I recently had to leave a large university hospital because of the lack of work ethic.  I worked day shift so all of us were dedicated blood bankers.  I've only been in the field for 5 years and loved the challenge I found in the BB, but I couldn't put up with the negligence anymore.  Issues that were reported to management and HR multiple times were completely ignored and a coworker who spent most of every day on personal phone calls was promoted.  I've seen this same person blatantly decide they don't want to perform an antibody ID (and discuss it with the manager) so they skip it.  Even though it met all of the rules to running a new ID.  So frustrating.  Anyways, I left the lab and am pretty sad about it.  I just couldn't sit around watching the quality go down the drain anymore.  I didn't feel comfortable working in a place that I wouldn't want my own lab work performed.  

 

Good Luck to all of you!  I hope you don't get as discouraged as I did.
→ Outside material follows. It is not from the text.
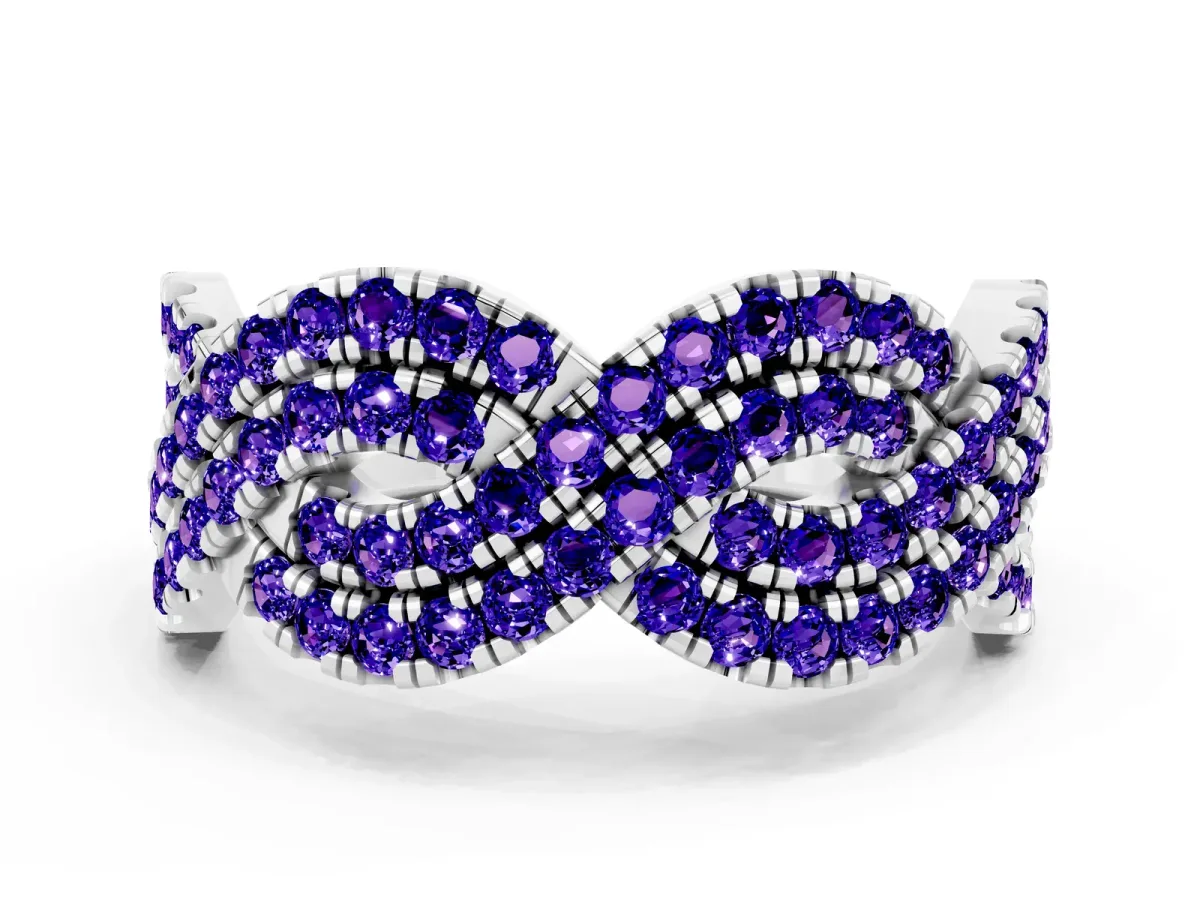 Pavé Round Tanzanite Infinity Twist Band with Shared Prong Setting Silver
You made me think back on my Peace Corps days in West Africa in the 70s. My job was supposed to be teaching blood bank at a large university hospital - I gave one lecture in one year, and that was pinch-hitting for someone who was sick. I had a couple hours notice to prepare an hour-long lecture - in French! Even within the infrastructural limits of the country hospital, they could have done a much better job, but my racist doctor boss didn't want to hear about it. He just wanted another white guy working the bench. My point is that it's discouraging, frustrating and humbling to knock your head against the wall and realize finally that you cannot change things, as much as they should be changed, and you have the choice of accepting it or walking. I chose to walk, and worked my second year with my wife, a cytotech, and learned (somewhat) diagnostic cytology of body fluids in French, not a particularly useful skill for an American blood banker, but I was much happier there. You chose to walk as well, Cherrilee, and that takes wisdom and courage. I hope you have found another lab with higher standards that you're more comfortable with - I would like to think that that's the norm, not the exception. Shame on the old place for not having anyone to listen to you. By the way, CAP and AABB have anonymous hotlines one can call; I imagine your state dept of health does as well.